To further validate the accuracy of the proposed MLR-RBF model, Grey model is also put forward as a benchmark model of the proposed model. The specific provincial power grid investment demand forecasting errors by different forecasting model are showed in Table 5. The results showed that the MLR-RBF model has the best forecasting performance and the RBF error correction method has positive effect to improve the MLR model forecasting accuracy. In addition, both MLR and MLR-RBF model outperform the Grey model in terms of average forecasting errors. These results demonstrate the proposed MLR-RBF model is a promising tool for provincial power grid investment demand forecasting.

##### 4.4. The Power Grid Investment Forecasting Results and Analysis

In this section, we employ the proposed MLR-RBF model to forecast the provincial power grid investment in 2018. Provincial historical data from 2004 to 2016 are used to estimate model parameters. To forecast future provincial power grid investment, influencing factors (GDP, POP, SEC, EIC, and PL) should be defined firstly for 2018 provincial power grid investment demand forecasting. So it is a key issue to ascertain the input data of the MLR-RBF model to forecast 2018 provincial power grid investment demand. In this paper, these provincial input variables for 2018 are got from relevant provinces’ statistical bureaus and development planning. In addition, based on these relevant provinces’ statistical bureaus and development planning, three different scenarios are set to forecast 2018 provincial power grid investment demand.
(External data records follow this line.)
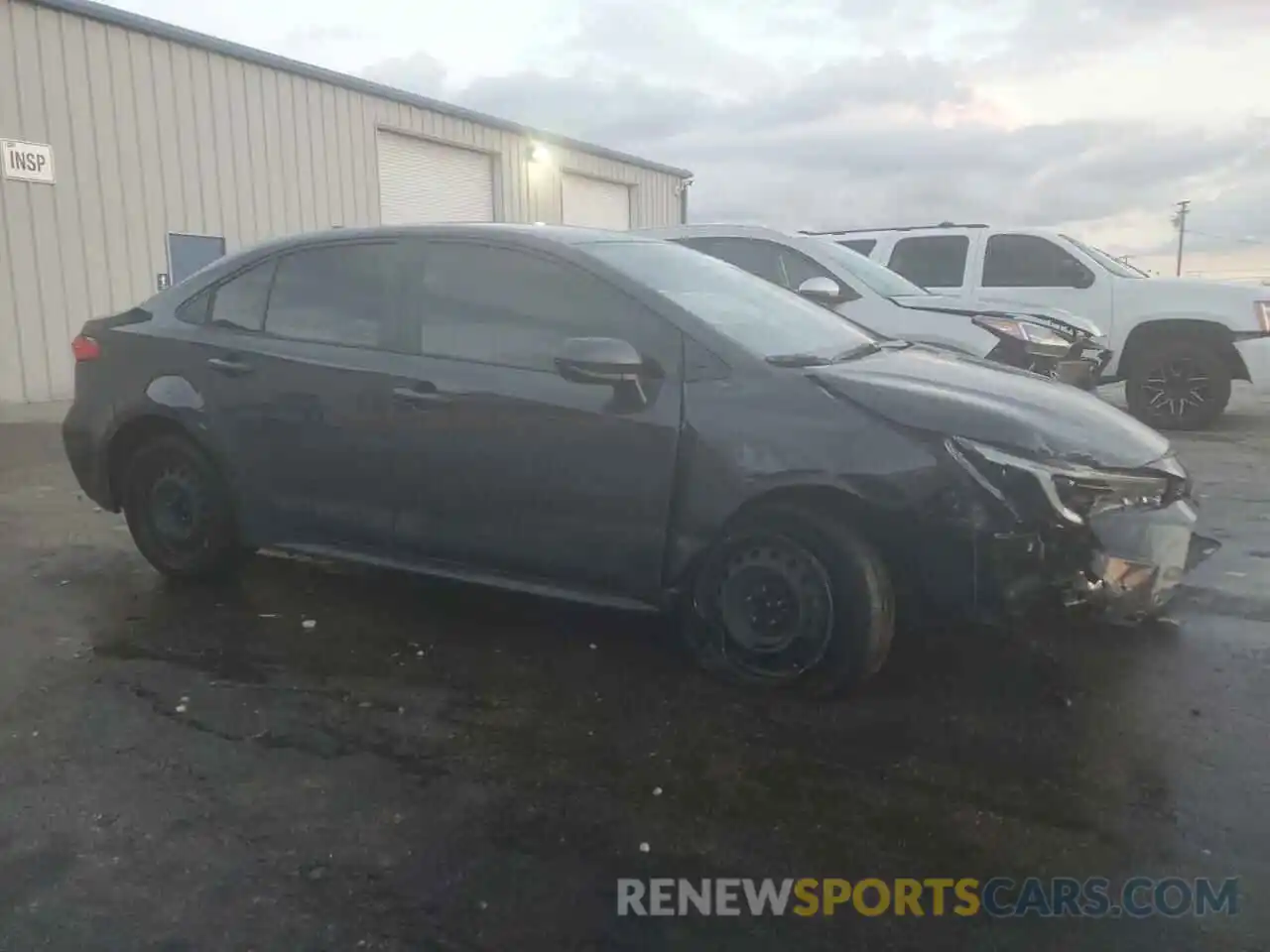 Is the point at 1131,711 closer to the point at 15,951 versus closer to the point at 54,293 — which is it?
the point at 15,951

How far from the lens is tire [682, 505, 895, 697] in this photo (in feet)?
11.0

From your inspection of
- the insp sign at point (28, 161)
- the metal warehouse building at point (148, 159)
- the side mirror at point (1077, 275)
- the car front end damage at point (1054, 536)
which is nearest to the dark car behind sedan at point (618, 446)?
the car front end damage at point (1054, 536)

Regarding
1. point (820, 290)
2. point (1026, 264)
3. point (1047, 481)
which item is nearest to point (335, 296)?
point (1047, 481)

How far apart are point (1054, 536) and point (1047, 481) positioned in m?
0.17

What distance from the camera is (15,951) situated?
227 cm

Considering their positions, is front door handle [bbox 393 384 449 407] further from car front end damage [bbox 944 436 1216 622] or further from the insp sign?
the insp sign

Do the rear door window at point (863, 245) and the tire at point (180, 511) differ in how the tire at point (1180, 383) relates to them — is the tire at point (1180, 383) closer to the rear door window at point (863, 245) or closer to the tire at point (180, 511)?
the rear door window at point (863, 245)

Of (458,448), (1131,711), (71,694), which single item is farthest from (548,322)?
(1131,711)

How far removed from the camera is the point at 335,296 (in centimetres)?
441

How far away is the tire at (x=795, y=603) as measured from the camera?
3354 mm

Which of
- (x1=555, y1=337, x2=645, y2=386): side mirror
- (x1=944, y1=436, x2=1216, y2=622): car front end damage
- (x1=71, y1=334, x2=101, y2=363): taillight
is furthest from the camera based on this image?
(x1=71, y1=334, x2=101, y2=363): taillight

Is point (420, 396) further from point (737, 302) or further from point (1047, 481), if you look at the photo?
point (1047, 481)

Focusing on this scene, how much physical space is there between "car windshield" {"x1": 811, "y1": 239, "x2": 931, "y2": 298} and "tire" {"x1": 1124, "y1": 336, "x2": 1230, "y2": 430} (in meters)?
3.07

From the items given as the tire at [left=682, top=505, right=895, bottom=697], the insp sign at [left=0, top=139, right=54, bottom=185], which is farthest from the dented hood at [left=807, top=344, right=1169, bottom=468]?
the insp sign at [left=0, top=139, right=54, bottom=185] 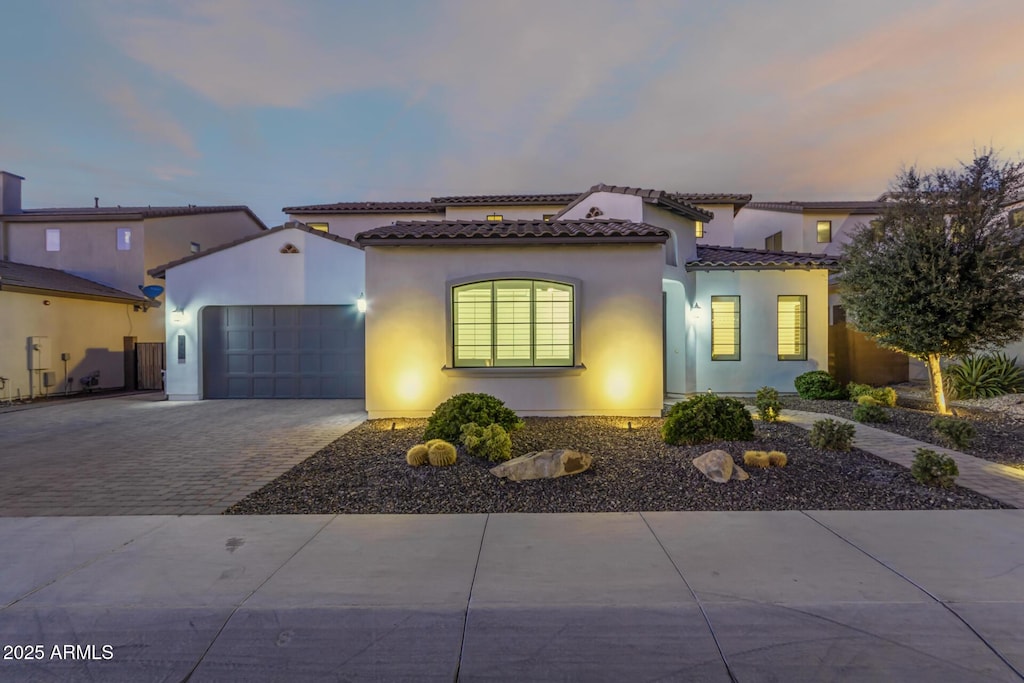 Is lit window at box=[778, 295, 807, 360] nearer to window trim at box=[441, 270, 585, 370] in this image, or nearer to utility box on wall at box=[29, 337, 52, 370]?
window trim at box=[441, 270, 585, 370]

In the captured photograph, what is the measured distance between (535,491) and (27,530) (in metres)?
4.77

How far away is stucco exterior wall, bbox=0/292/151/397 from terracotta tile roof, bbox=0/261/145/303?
31 cm

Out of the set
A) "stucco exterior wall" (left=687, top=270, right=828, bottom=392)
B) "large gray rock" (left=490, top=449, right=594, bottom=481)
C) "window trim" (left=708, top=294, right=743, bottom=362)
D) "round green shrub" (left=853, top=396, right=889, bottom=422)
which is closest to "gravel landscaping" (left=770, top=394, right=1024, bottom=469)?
"round green shrub" (left=853, top=396, right=889, bottom=422)

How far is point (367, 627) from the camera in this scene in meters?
3.00

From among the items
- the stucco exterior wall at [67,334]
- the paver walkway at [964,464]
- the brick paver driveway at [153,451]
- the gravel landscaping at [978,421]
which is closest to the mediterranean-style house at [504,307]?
the brick paver driveway at [153,451]

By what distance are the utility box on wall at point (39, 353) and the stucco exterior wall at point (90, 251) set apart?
380cm

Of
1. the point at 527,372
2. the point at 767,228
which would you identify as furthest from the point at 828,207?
the point at 527,372

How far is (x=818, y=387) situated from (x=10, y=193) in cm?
2736

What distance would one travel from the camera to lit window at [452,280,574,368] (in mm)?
9523

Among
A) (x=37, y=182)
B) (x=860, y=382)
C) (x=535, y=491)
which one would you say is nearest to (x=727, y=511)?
(x=535, y=491)

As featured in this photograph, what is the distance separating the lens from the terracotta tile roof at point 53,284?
1290cm

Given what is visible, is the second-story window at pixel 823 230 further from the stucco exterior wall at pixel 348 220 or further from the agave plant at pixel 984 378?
the stucco exterior wall at pixel 348 220

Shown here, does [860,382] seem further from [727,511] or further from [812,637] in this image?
[812,637]

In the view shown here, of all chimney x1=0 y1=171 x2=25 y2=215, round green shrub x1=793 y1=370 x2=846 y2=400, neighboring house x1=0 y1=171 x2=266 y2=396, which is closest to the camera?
round green shrub x1=793 y1=370 x2=846 y2=400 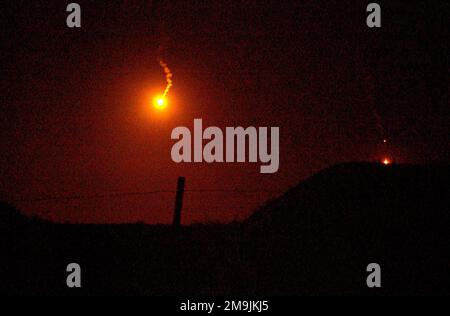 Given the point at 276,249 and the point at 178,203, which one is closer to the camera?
the point at 276,249

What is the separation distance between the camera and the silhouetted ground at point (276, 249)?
35.4 feet

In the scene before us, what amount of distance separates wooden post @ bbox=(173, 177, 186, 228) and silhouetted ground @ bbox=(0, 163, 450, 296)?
Answer: 19 centimetres

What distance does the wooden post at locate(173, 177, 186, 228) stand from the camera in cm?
1359

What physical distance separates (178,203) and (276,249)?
2.66 metres

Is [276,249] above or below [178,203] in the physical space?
below

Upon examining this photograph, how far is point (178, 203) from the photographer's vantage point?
1382 cm

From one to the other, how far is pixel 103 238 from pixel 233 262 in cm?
242

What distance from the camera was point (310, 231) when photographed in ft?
41.0

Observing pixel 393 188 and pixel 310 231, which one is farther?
pixel 393 188

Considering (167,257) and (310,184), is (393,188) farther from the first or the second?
(167,257) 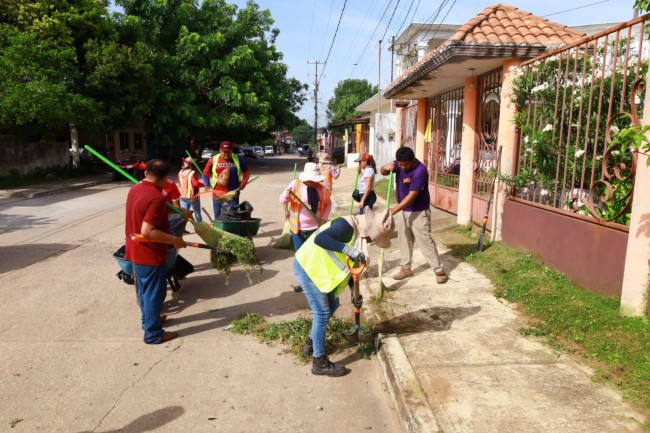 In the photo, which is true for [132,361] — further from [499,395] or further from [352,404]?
[499,395]

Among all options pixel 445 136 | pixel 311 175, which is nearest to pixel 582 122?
pixel 311 175

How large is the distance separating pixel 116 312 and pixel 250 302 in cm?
143

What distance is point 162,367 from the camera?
3980mm

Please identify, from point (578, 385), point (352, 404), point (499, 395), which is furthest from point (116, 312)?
point (578, 385)

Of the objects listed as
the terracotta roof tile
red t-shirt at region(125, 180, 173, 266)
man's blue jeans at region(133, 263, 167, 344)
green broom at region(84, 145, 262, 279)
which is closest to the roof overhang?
the terracotta roof tile

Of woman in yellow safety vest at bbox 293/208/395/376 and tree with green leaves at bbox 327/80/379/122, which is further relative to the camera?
tree with green leaves at bbox 327/80/379/122

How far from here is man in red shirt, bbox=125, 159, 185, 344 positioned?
13.7 ft

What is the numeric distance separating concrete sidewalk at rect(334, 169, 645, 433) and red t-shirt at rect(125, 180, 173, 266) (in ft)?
7.15

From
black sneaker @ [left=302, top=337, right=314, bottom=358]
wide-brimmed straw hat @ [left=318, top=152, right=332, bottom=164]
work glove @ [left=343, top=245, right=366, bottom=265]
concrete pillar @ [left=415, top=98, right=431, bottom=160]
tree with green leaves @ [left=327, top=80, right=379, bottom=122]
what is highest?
tree with green leaves @ [left=327, top=80, right=379, bottom=122]

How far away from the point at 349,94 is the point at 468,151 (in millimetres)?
60984

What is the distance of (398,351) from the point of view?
402 centimetres

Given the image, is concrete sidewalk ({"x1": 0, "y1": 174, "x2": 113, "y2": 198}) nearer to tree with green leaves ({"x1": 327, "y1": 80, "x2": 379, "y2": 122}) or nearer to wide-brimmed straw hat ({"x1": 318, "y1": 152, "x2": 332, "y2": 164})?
wide-brimmed straw hat ({"x1": 318, "y1": 152, "x2": 332, "y2": 164})

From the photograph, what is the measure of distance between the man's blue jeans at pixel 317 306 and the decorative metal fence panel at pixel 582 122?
2.73 meters

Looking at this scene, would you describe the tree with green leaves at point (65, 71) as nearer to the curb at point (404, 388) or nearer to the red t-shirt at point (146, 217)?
the red t-shirt at point (146, 217) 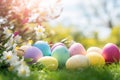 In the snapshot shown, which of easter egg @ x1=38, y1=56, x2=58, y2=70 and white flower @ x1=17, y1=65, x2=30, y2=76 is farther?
easter egg @ x1=38, y1=56, x2=58, y2=70

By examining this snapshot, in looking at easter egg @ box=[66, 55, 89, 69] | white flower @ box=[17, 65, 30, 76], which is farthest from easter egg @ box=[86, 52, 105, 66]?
white flower @ box=[17, 65, 30, 76]

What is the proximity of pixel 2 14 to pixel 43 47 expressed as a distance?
1035 mm

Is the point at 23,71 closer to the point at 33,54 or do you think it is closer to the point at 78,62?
the point at 78,62

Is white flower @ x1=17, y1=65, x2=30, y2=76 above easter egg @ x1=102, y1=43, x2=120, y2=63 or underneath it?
underneath

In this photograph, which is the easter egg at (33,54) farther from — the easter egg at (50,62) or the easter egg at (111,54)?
the easter egg at (111,54)

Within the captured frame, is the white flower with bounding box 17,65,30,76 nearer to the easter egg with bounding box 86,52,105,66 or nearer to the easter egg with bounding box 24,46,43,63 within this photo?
the easter egg with bounding box 24,46,43,63

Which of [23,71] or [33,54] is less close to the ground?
[33,54]

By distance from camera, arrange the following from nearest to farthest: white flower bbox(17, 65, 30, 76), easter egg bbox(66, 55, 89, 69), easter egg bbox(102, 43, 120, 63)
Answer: white flower bbox(17, 65, 30, 76) → easter egg bbox(66, 55, 89, 69) → easter egg bbox(102, 43, 120, 63)

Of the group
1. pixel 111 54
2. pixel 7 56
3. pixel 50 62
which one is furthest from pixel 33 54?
pixel 111 54

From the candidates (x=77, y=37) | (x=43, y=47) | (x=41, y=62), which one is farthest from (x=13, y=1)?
(x=77, y=37)

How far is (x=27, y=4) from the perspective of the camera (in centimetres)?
614

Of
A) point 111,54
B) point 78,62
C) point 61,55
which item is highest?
point 61,55

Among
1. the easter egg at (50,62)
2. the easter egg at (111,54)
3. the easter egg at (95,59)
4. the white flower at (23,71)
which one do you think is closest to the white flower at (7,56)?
the white flower at (23,71)

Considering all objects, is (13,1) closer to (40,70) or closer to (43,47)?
(43,47) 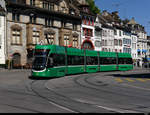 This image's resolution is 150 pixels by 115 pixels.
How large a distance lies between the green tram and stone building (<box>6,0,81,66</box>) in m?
9.95

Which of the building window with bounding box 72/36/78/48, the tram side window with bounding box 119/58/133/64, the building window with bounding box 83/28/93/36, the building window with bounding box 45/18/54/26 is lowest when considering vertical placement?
the tram side window with bounding box 119/58/133/64

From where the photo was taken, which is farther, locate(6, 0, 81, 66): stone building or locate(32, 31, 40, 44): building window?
locate(32, 31, 40, 44): building window

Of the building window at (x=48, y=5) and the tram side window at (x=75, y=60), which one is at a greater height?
the building window at (x=48, y=5)

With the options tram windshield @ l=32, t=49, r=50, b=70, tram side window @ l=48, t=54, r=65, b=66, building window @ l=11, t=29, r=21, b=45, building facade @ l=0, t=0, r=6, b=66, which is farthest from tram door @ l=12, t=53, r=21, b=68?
tram windshield @ l=32, t=49, r=50, b=70

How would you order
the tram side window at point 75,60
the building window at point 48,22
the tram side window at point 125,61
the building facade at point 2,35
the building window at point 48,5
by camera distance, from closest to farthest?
the tram side window at point 75,60 → the building facade at point 2,35 → the tram side window at point 125,61 → the building window at point 48,5 → the building window at point 48,22

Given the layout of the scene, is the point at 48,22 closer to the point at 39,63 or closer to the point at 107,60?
the point at 107,60

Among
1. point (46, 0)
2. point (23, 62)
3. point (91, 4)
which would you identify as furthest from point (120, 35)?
point (23, 62)

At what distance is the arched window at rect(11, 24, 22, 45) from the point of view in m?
41.7

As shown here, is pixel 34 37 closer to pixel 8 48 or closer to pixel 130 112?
pixel 8 48

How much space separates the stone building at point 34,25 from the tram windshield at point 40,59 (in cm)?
1575

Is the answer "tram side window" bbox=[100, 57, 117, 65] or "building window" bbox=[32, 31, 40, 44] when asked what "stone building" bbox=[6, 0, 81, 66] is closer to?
"building window" bbox=[32, 31, 40, 44]

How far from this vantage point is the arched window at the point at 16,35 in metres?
41.7

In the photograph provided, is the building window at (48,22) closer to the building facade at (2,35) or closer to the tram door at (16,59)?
the tram door at (16,59)

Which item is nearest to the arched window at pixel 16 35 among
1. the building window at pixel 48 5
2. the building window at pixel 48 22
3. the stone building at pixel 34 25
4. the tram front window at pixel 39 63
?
the stone building at pixel 34 25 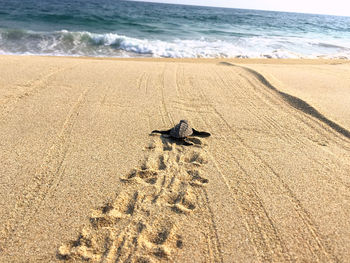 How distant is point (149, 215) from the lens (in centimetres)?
224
To simplify the complexity of forecasting process, we firstly employ the hierarchical clustering analysis (HCA) method to divide 23 provinces into 4 categories; the clustering results are showed in Figure 8 and Table 6. Then three different scenarios are set for all different categories; the specific scenario setting results are shown in Table 7. Finally, 2018 provincial power grid investment demand forecasting results are obtained based on the proposed MLR-RBF model and scenario setting results.

The forecasting results of 2018 provincial power grid investment demand under different scenarios are showed in Figure 9.

#### 5. Conclusion

This article uses spearman rank degree to find out the key influencing factors of power grid investment; they are GDP, POP, SEC, EIC, and PL and next, the 23 provinces power grid investment multiple linear regressive models with power grid investment and the five key influencing factors’ increasing rates. Then the RBF neural networks are used to modify the forecasting errors. At last, we divided the 23 provinces into four classes by hierarchical clustering analysis method with considering five key influencing factors. Based on the regional differences of electric grid investment development, this essay can represent, quantifiably, the correlations between electric grid investment and various influencing factors. And the min, mean, and max values of the influencing factors can realize the scenario analysis, which make the forecasting results become more reasonable. Predicting electric grid investment can help to perfect further project decision-making processes and improve management and decision levels of investment projects.

#### Data Availability

The data used to support the findings of this study are available from the corresponding author upon request.

#### Conflicts of Interest

The authors declare no conflicts of interest.

#### Authors’ Contributions

Ersheng Pan contributed to the conception and design. Dong Peng collected and interpreted the data. Wangcheng Long and Yawei Xue analyzed the calculation results. Lang Zhao and Jinchao Li wrote and did the computation. All of the authors drafted and revised the manuscript together and approved its final publication.

#### Acknowledgments

This work has been supported by National Key R&D Program of China (2016YFB0900100).